Could we just remove Rc and only have RcScoped? Would that solve the problem?

Original question.

Certainly you could remove Rc in favor of RcScoped. Similarly, you could have only Arc and not Rc. But you don’t want to because you are basically failing to take advantage of extra constraints. If we only had RcScoped, for example, then creating an Rc always requires taking some scoped as argument – you can have a global constant for 'static data, but it’s still the case that generic abstractions have to take in this scope as argument. Moreover, there is a runtime cost to maintaining the extra linked list that will thread through all Rc abstractions (and the Rc structs get bigger, as well). So, yes, this avoids the “split” I talked about, but it does it by pushing the worst case on all users.

Still, I admit to feeling torn on this point.

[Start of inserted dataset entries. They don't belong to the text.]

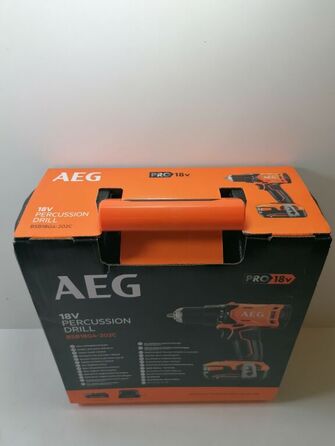 Ударний дриль-шурупокрут AEG 18V з 2 акумуляторами по 2Аг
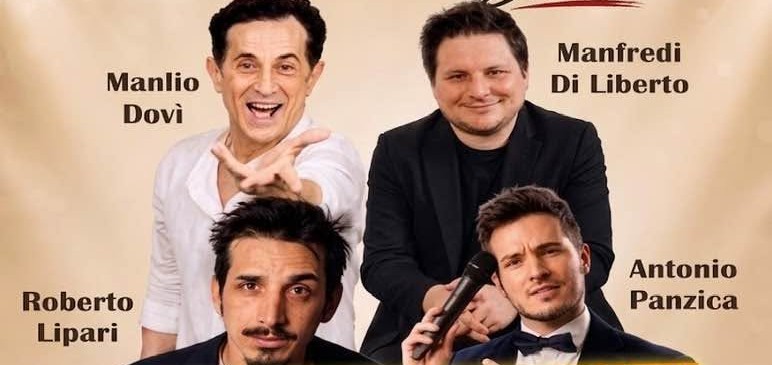 San Cataldo. Il 19 settembre appuntamento con la grande comicità con il quartetto Dovì, Di Liberto, Lipari e Panzica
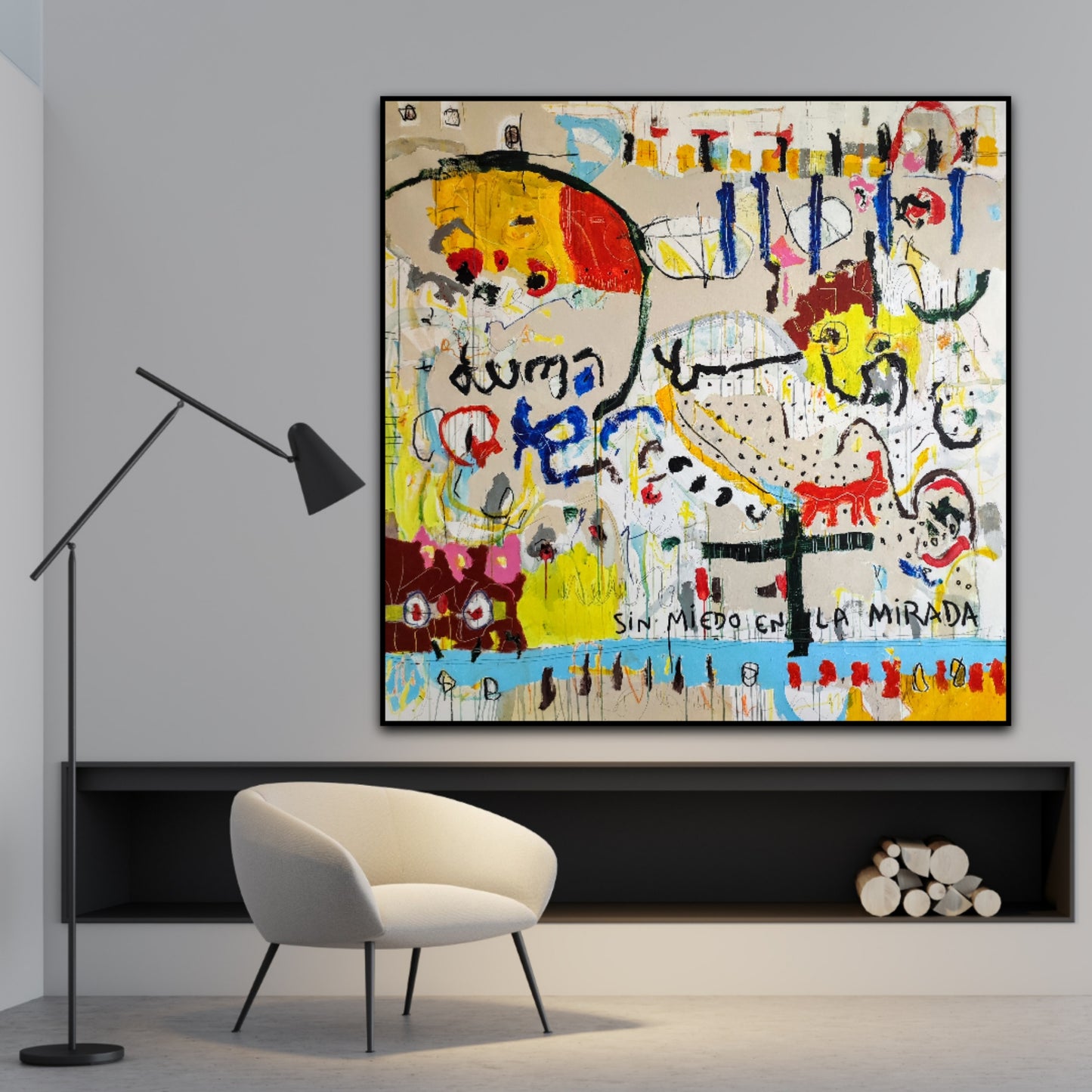 Sin miedo en la mirada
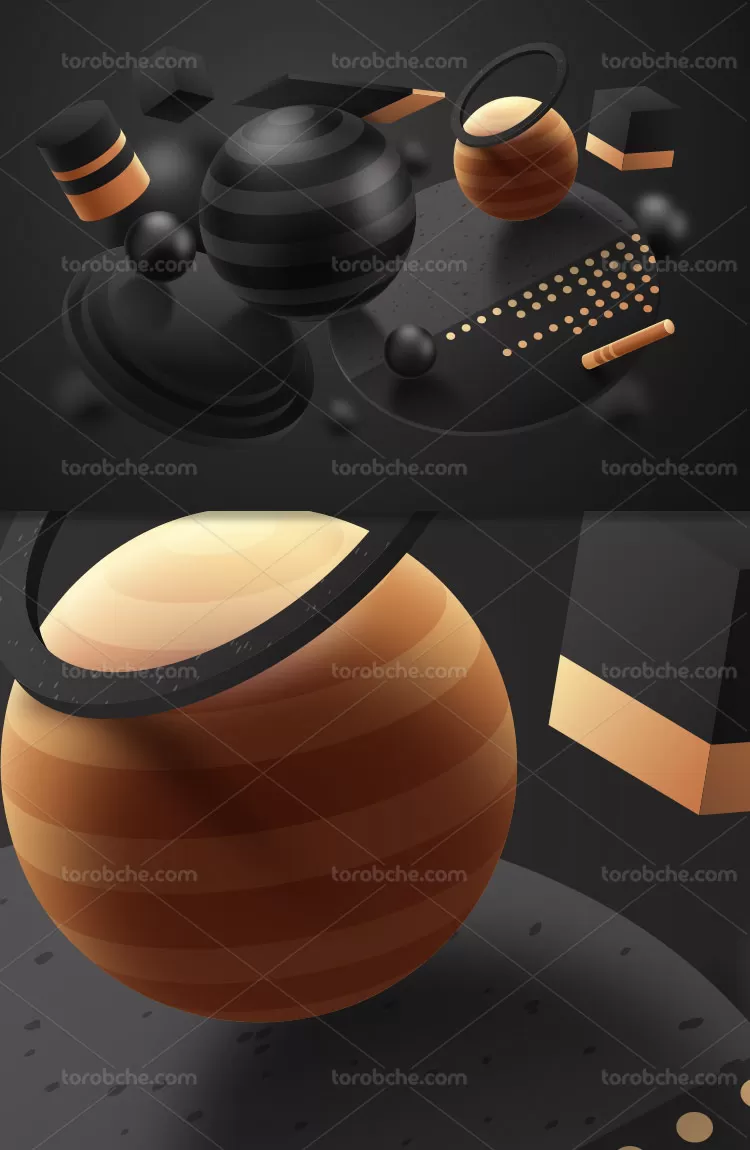 وکتور پس زمینه اشکال سه بعدی | گرافیک با طعم تربچه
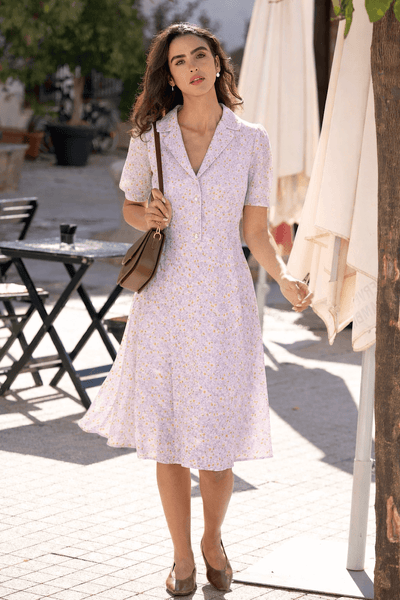 lavender knee length dress Lavender Silk Dress Selena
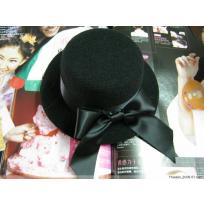 Hat Hair Ornament - Black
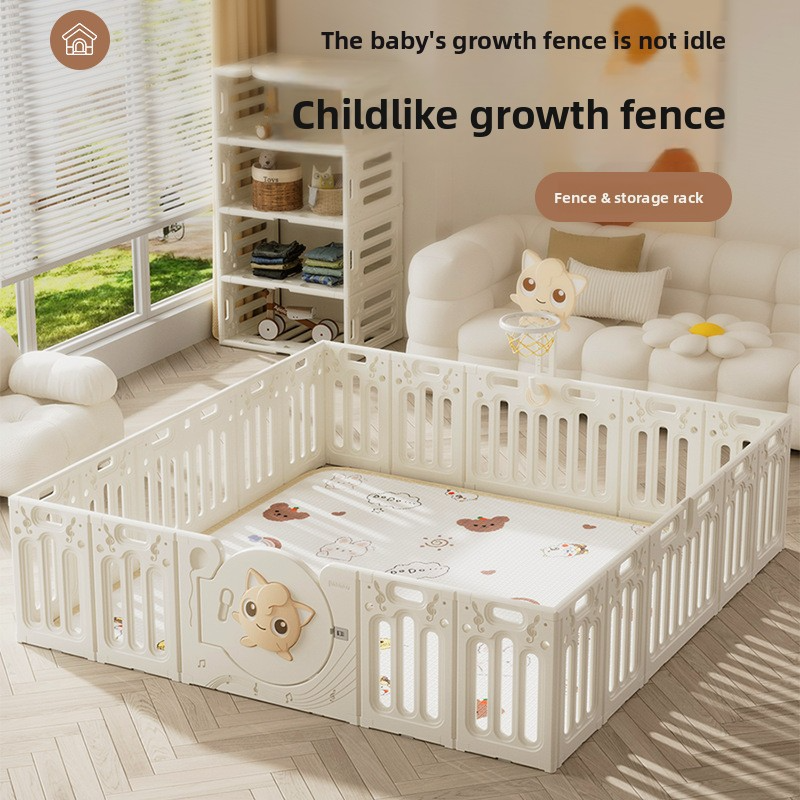 Kids Outdoor Yard - Baby Playpen with Mat, Safety Play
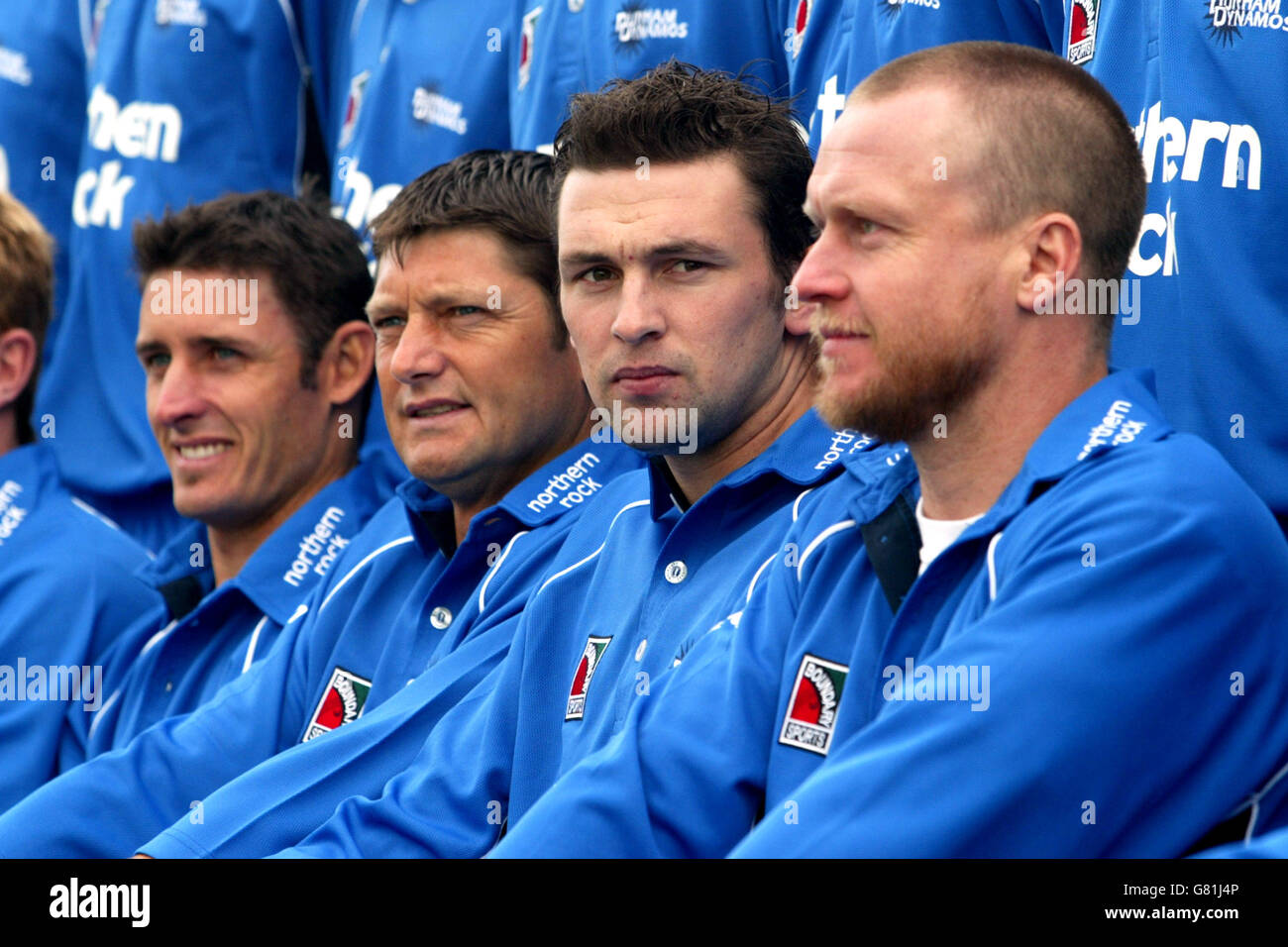 Cricket - Durham County Cricket Club - Photocall - 2005 Terrain Riverside Banque D'Images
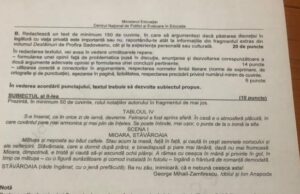 Ce subiecte au primit elevii de la REAL și UMAN la Simulare BAC 2022 -proba de română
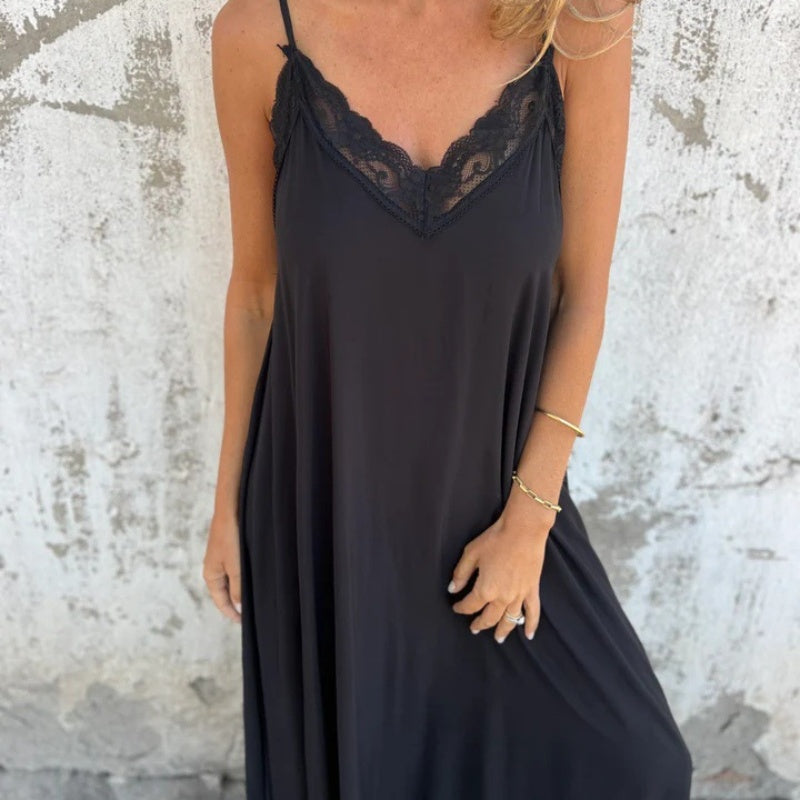 Carolina - Elegant Sleeveless Dress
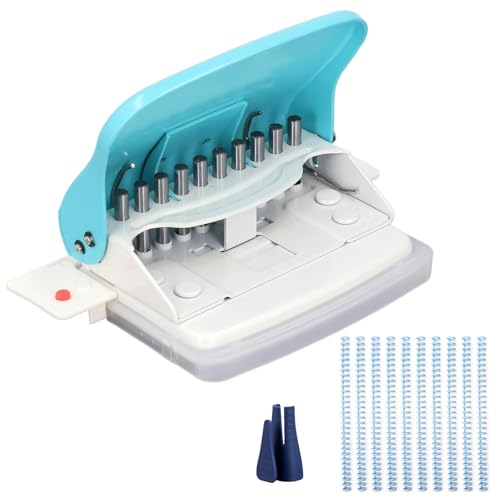 Papierbindemaschine, 10 Loch Papier Bindegerät Handheld Portable Spiralbindung Bastelstanzer für A4 B5 A5 A7 A6 Einstellbarer Locher mit 10 Stück Kunststoff Bindekämme Binderücken Spulen Papierbindemaschine, 10 Loch Papier Bindegerät Handheld Portable Spiralbindung Bastelstanzer für A4 B5 A5 A7 A6 Einstellbarer Locher mit 10 Stück Kunststoff Bindekämme Binderücken Spulen von Ysislybin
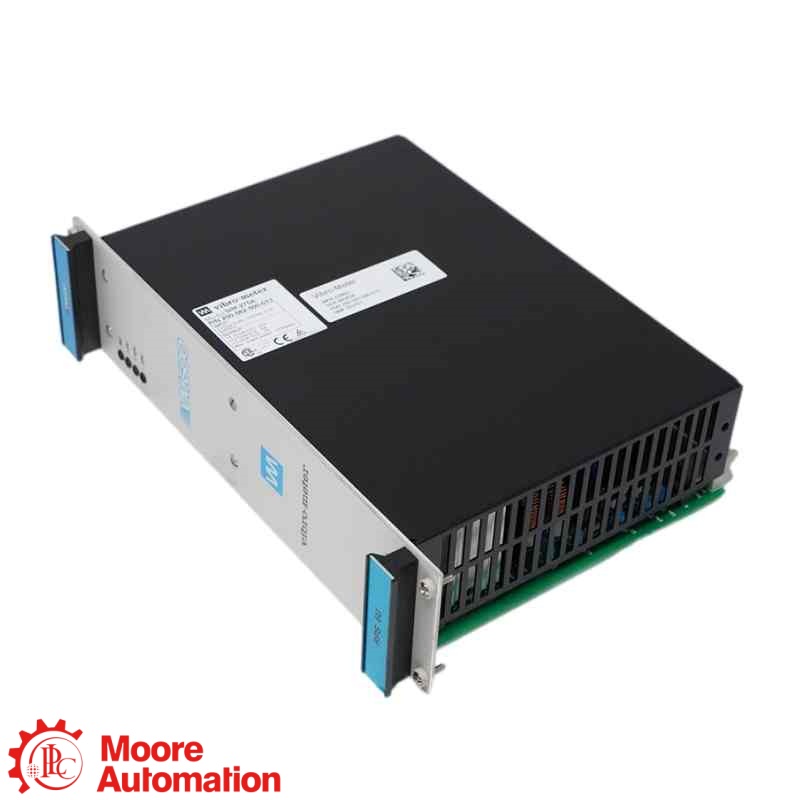 Vibro-Meter RPS6U 200-582-993-022 VM600 Dual DC Input Rear Panel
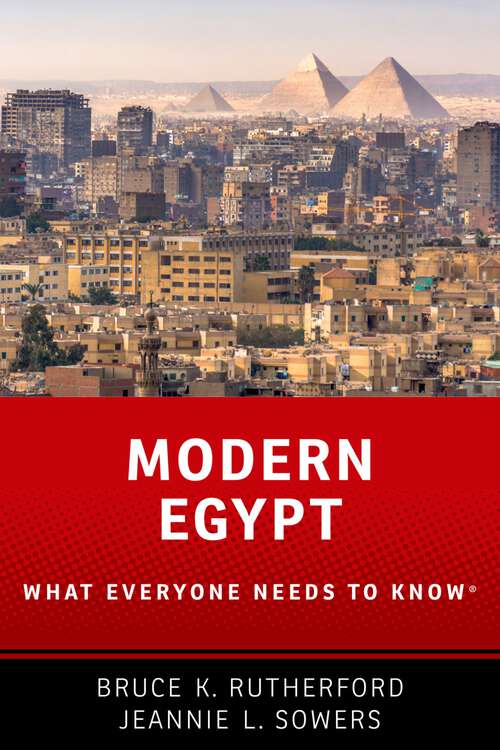 Book cover of MODERN EGYPT WENK C: What Everyone Needs to Know® (What Everyone Needs To Know®)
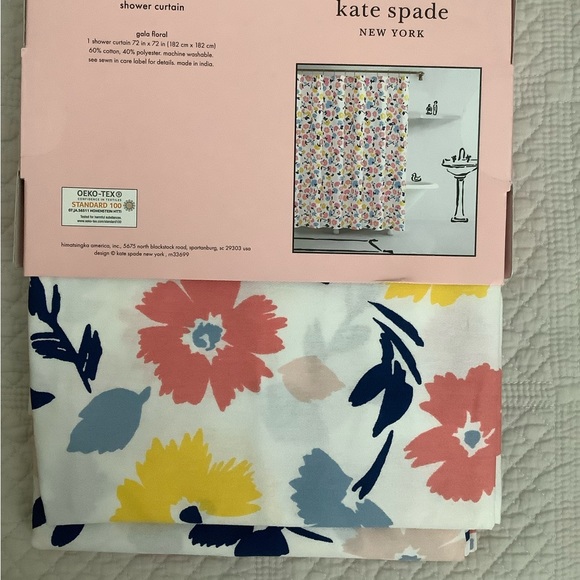 kate spade Bath Kate Spade Floral Shower Curtain Gala Bathroom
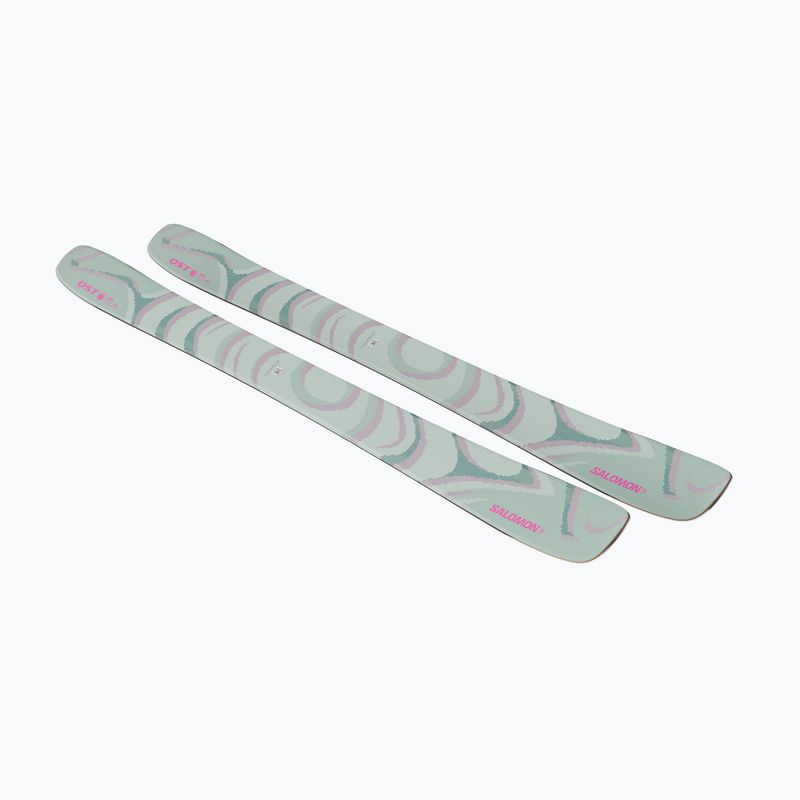 Kalnų slidės Salomon QST 100 iceberg green/nirvana/rhodamine 3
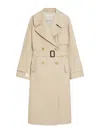 Max Mara Double-breasted Trench Coat In Water-repellent Twill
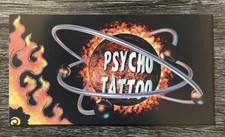 vintage PSYCHO TATTOO BUSINESS CARD ISRAEL ephemera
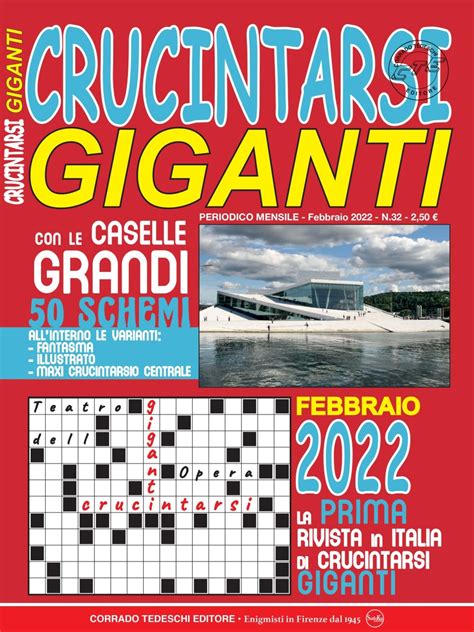 Crucintarsi Giganti N 32 SPREA EDITORI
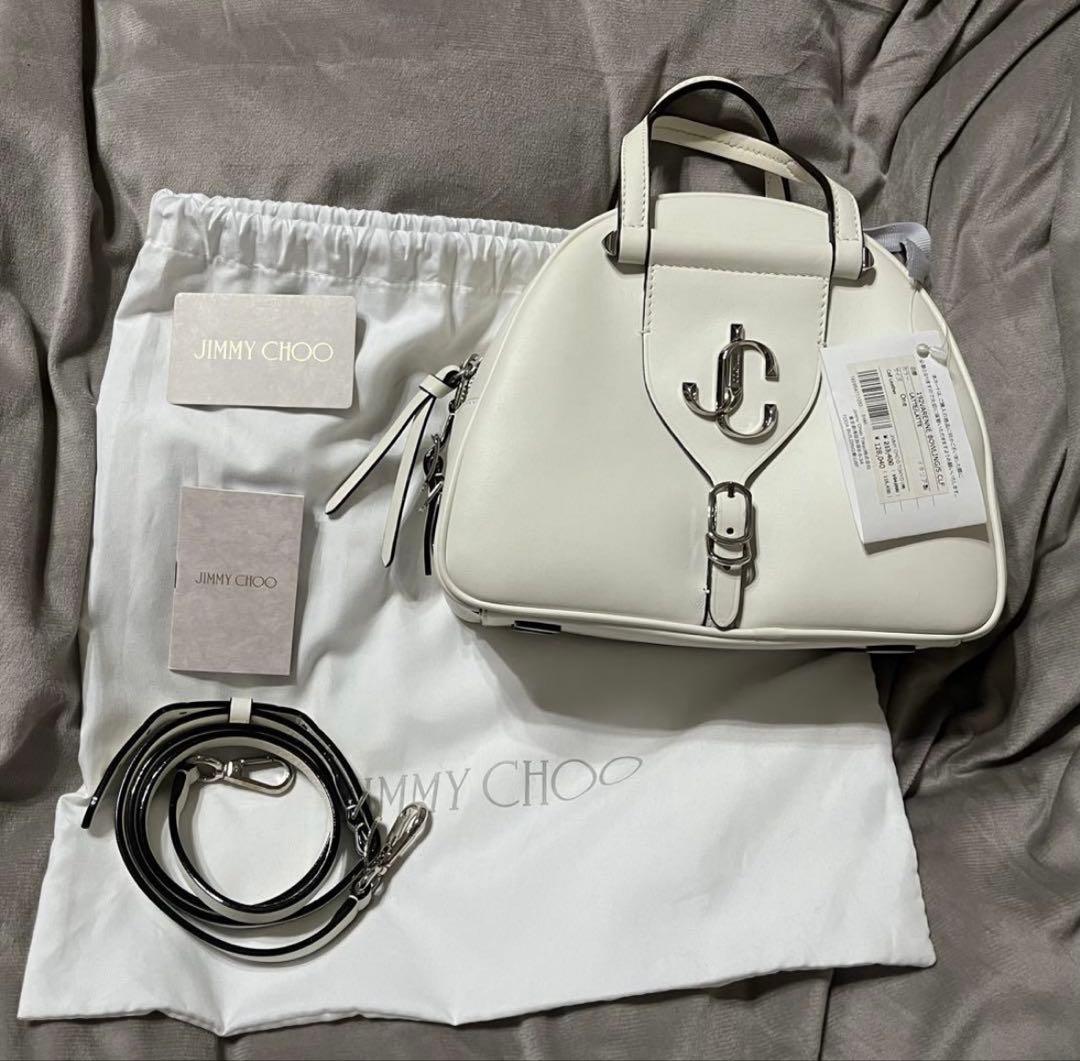 ジミーチュウ レザー ヴァレンヌ　ボーリング　ミニ　ハンド ショルダーバッグ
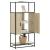 Dulapuru Stejar Sonoma 68x35x139 cm lemn și metal prelucrat GartenMobel Dekor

What pushes me over the edge, I think, is that simple reference counting of the kind we are doing now is a pretty fundamental thing. You find it in all kinds of systems (Objective C, COM, etc). This means that if we require that safe Rust cannot leak, then you cannot safely integrate borrowed data with those systems. I think it’s better to just use closures in Rust code – particularly since, as annodomini points out on Reddit, there are other kinds of cases where RAII is a poor fit for cleanup.

Could a proper GC solve this? Is reference counting really worth it?

Original question.

It’ll depend on the precise design, but tracing GC most definitely is not a magic bullet. If anything, the problem around leaks is somewhat worse: GC’s don’t give any kind of guarantee about when the destructor bans. So we either have to ban GC’d data from having destructors or ban it from having borrowed pointers; either of those implies a bound very similar to Leak or 'static. Hence I think that GC will never be a “fundamental building block” for abstractions in the way that Rc/Arc can be. This is sad, but perhaps inevitable: GC inherently requires a runtime as well, which already limits its reusability.